When Rollins broke Cena’s nose, it was considered just a by-product of the match. These things happen, right? After all, pro wrestling is a tough sport and sometimes, guys get hurt. That’s the nature of the business. Plus it did nothing but reemphasize Cena’s role as the most resilient worker on the roster, so it seemed like a fitting addition to the match.
The fact that Cena is WWE’s top guy and was hurt on live TV didn’t seem to bother anyone. Maybe the gravity of the situation was lost as fans just didn’t realize what a big deal it was. In any other era, an incident of this nature would be serious cause for concern to the promoter and to the top guy himself. But neither Vince McMahon nor Cena apparently seemed all that upset about it.
But when Rollins injured Sting, his perceived carelessness became a living breathing thing. Cena’s broken nose suddenly took on more importance than it had before, and fans began to take a second look at Seth Rollins. Sting, however, has never publicly held Seth responsible for the injury that has since put him out of WWE.
Instead, Sting claimed the corner powerbombs were simple buckle bumps, and he doesn’t know why they had such an impact on him. Sting is a professional of course, so to call Seth out in front of his peers and the company itself is not his style. If he’s being honest and truly doesn’t blame Seth, then how could anyone disagree? Isn’t this between Sting and Seth?

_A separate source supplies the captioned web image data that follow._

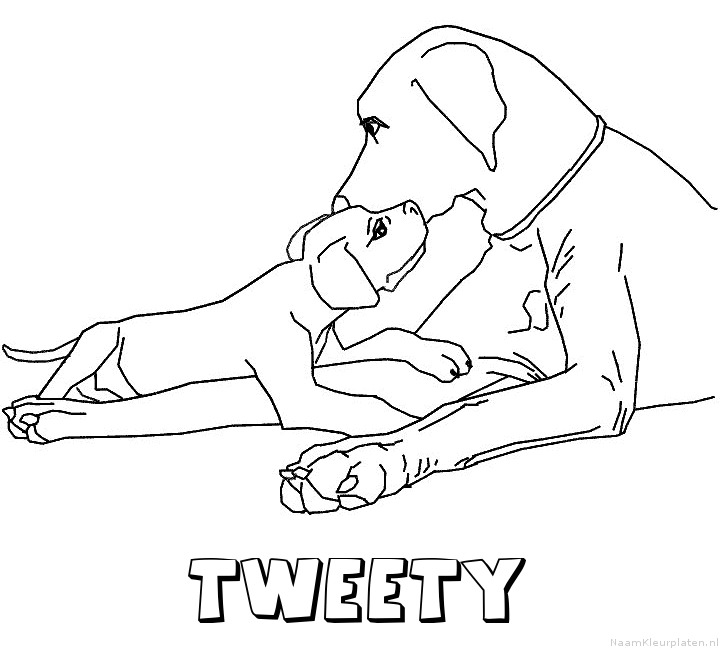 Tweety hond puppy kleurplaat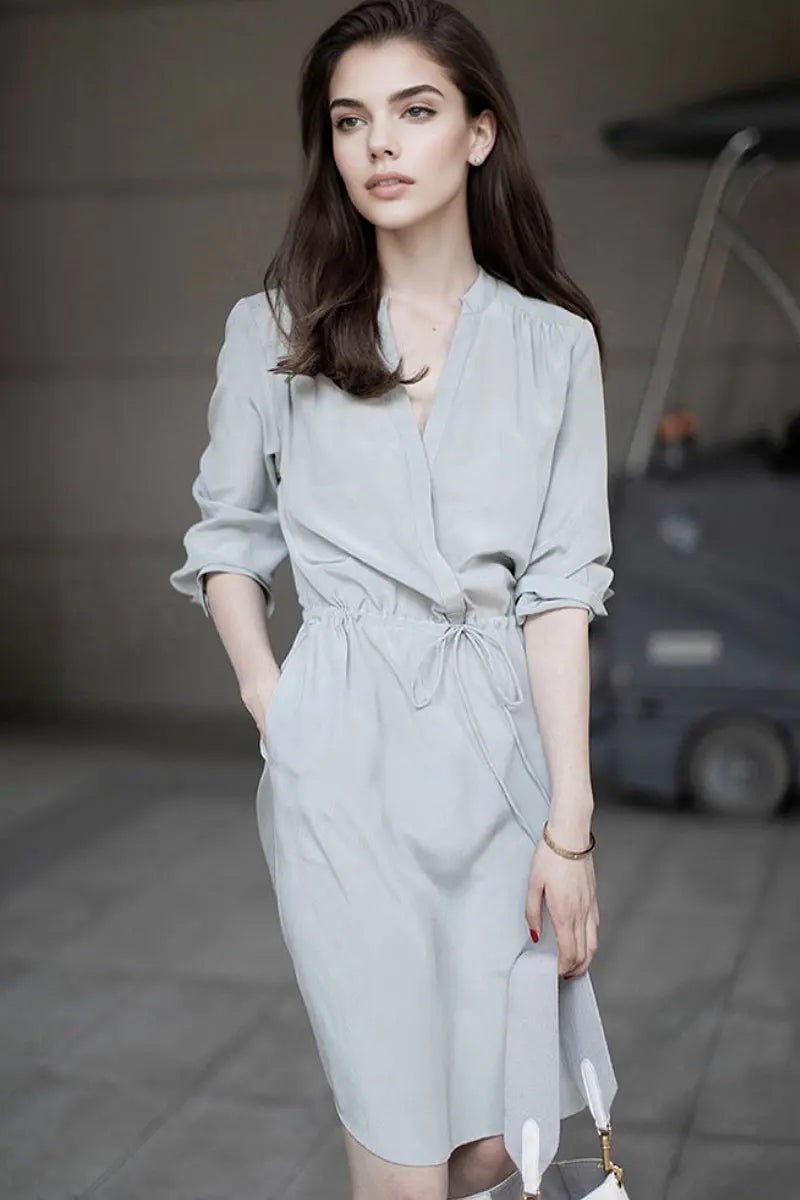 19 MM Silk Elbow-Sleeve Drawstring Waist Midi Dress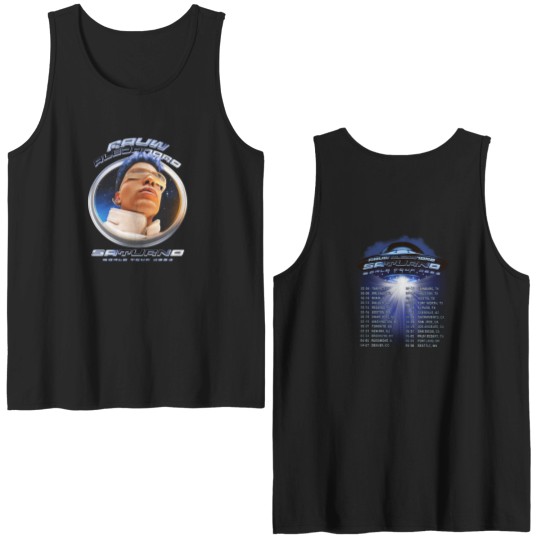 Discover Rauw Alejandro Double Sided Tank Tops Saturno World Tour 2023 Rauw Alejandro Tour 2023 Double Sided Tank Tops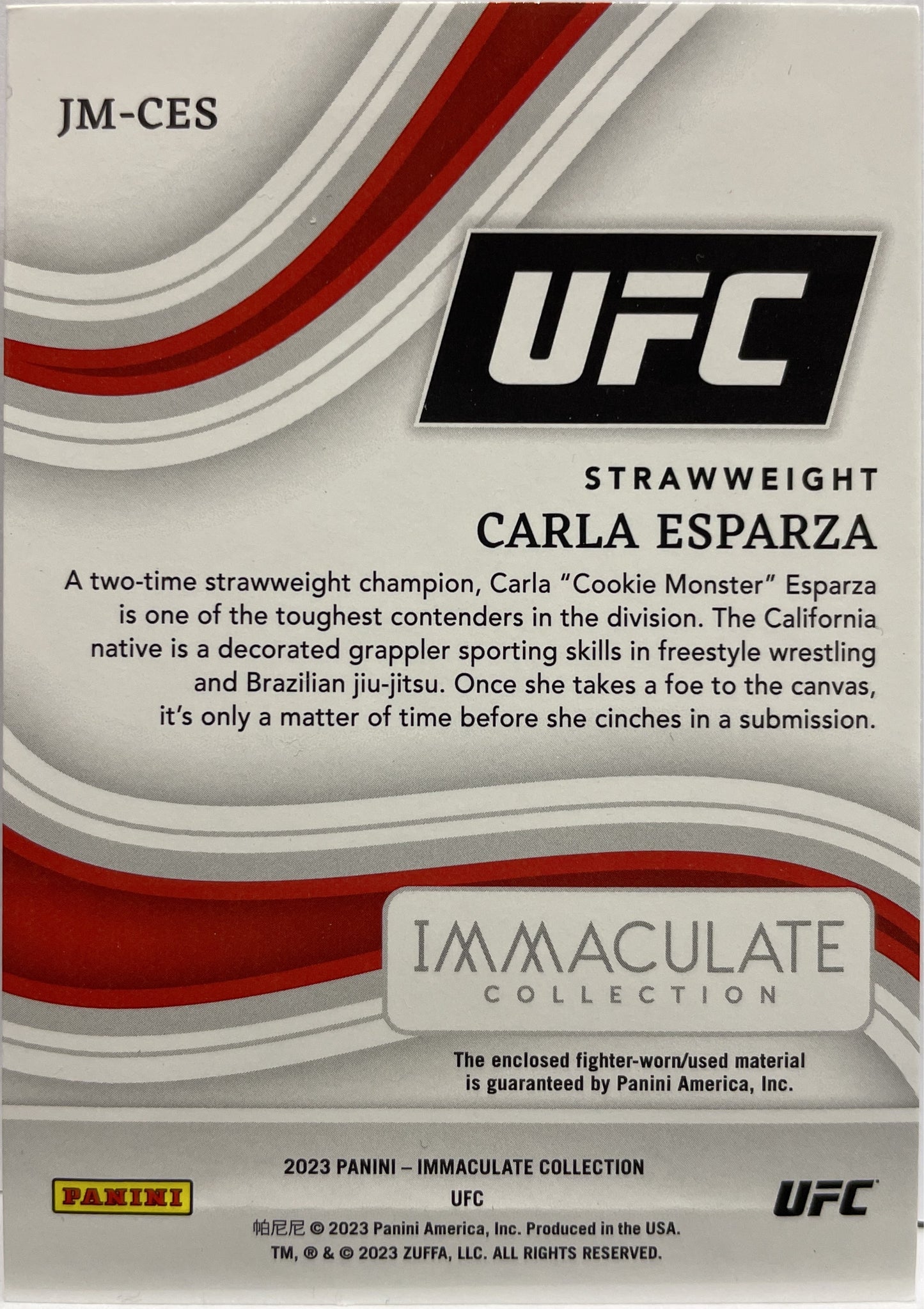 Carla Esparza 2/8 Gloves Patch Immaculate UFC 2023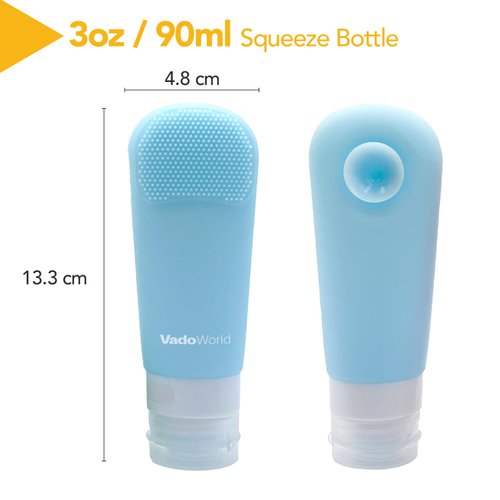 vadoworld, Travel Size Bottles set, Toiletries Containers, TSA approved, 3.2oz and 2.0oz, Leak Proof Squeezable Silicone Tubes, Easy Refillable, Custom Labels for Shampoo Conditioner, 4 pack
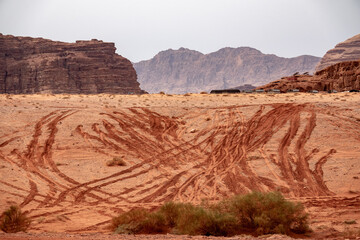 Red sand and rocks in the Wadi Rum desert in Jordan.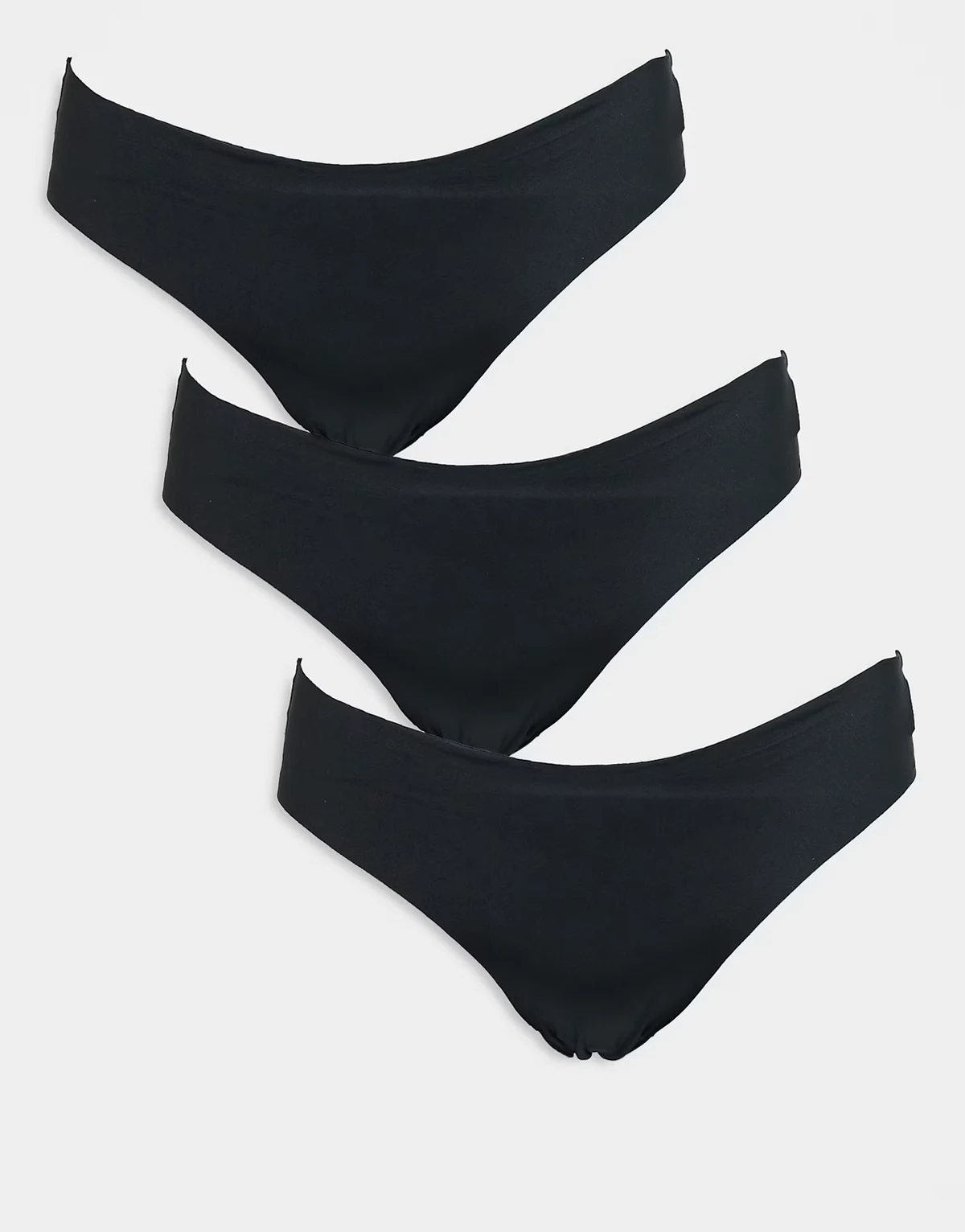 ASOS DESIGN Curve – Zestaw 3 par czarnych nieodznaczających się fig brazylijskich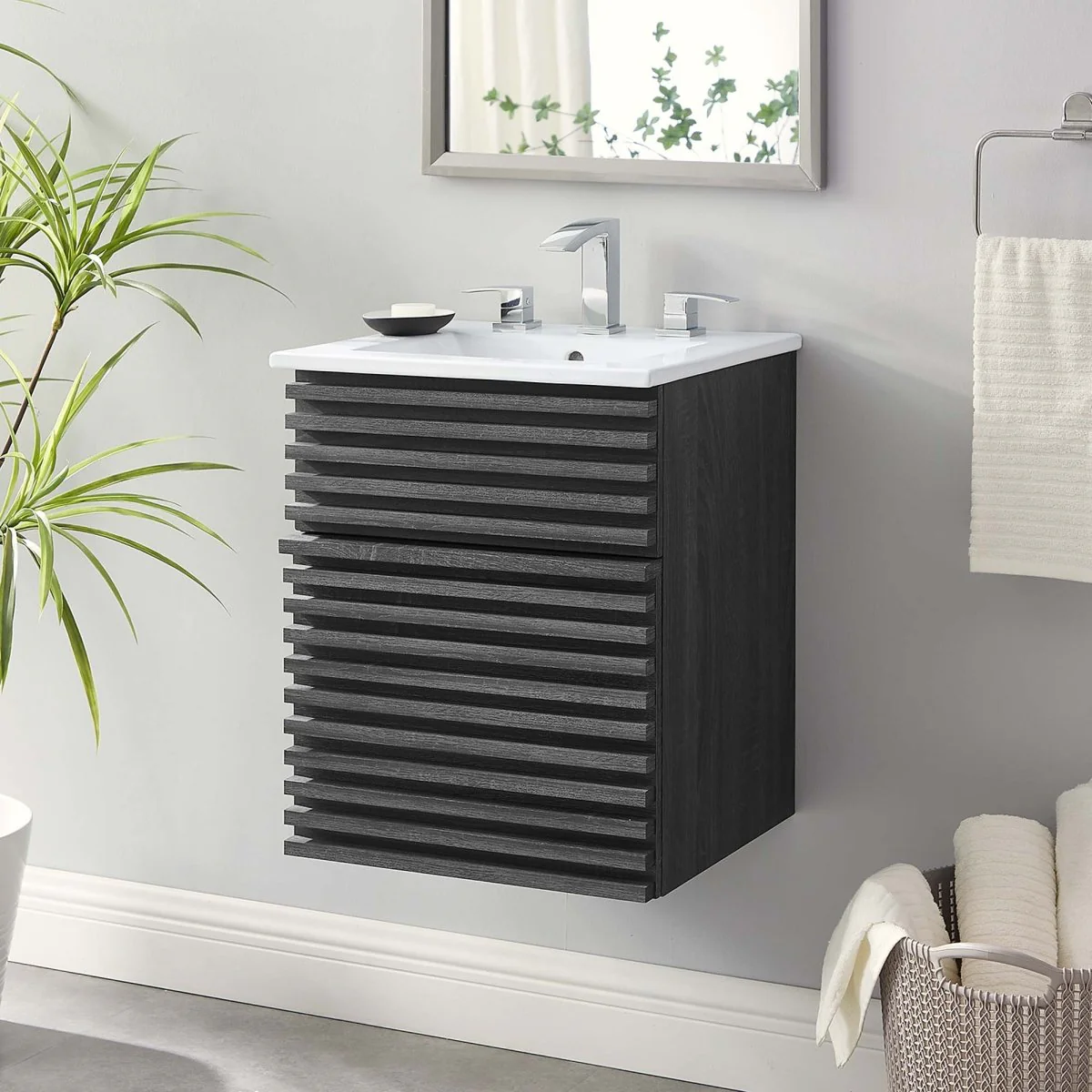 Mid-Century Wall-Mount Bathroom Vanity with Sink, Floating Modern Design - Image 9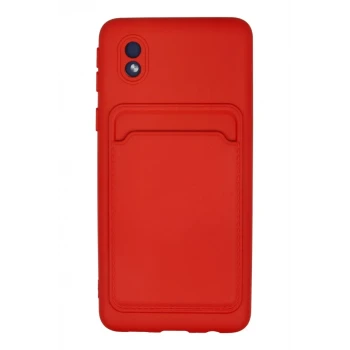 Newface Samsung Galaxy A01 Core Kılıf Kelvin Kartvizitli Silikon - Kırmızı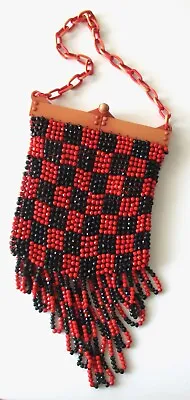 $16.50 • Buy ART DECO Vintage Celluloid & Black/Red Glass Beads CHECKER BOARD PATTERN PURSE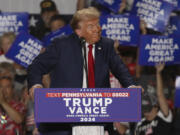 Republican presidential nominee former President Donald Trump speaks at a campaign rally at Bayfront Convention Center in Erie, Pa., Sunday, Sept. 29, 2024.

To believe ordinary pro wrestling fans that have never been in the ring could have more meaningful opinions than those held by the boys themselves, is nothing short of ludicrous. Yet every time Bret Hart opened his mouth about John or Sting, he was accused of being a bitter old man. Is that really the case, or were fans too quick to criticize him?
Now Finn Balor is on the shelf for what could be at least eight months. He was supposed to be the next big thing, the new face of Monday Night Raw. Of all the NXT talents that had been called up to the main roster, he was arguably the best and had the most potential on the main event level. Now he’s out, and fans are once again debating whether or not Rollins should be held accountable.
But is popular opinion turning against him this time? Once is accidental, twice is sloppy, but three times is irresponsible. Isn’t that the case here? Pro wrestling is a tough business, that much is true. But just because that’s a fact does not mean injuries should be happening as frequently as they are in WWE.
Perhaps the real problem here is not just Seth himself. Maybe the problem is the current WWE style, which is little more than an action movie taking place in a wrestling ring. The pace of the matches has multiplied exponentially over the past five years to the point it is now. Guys are going so fast that fans don’t have time to emotionally invest in anything they’re seeing.
It’s one high spot after another, one edge of the seat nail biter followed by more of the same. These are no longer wrestling matches, they’re stunt shows. The talent themselves are more athletic and more intense than they ever have been, and that’s a good thing. But when everyone is risking life and limb for the sake of popping the crowd, then the reason for the match itself is lost.
Many fans believe this is the style that WWE has evolved to, and to change it now would be taking a step back. Why slow down if the men and women involved are okay with it, and want to compete at this pace? But the fact is they’re not okay. None of them are okay. The injuries are happening more and more frequently as time goes on, and fans should be very concerned that they haven’t seen the worst of it yet.
So no, it’s not all Seth Rollins’ fault. Whether or not he is indeed responsible for hurting the top guy, a legend, and a red hot talent, is not up to fans. Perception is reality of course, but only Seth and the talents around him know if he is truly unsafe, or if all of this is just a terrible coincidence.
But none of that changes the fact that Seth Rollins is under the microscope more now than he ever has been. Maybe it’s time everyone took a closer look. Maybe Bret Hart is onto something after all.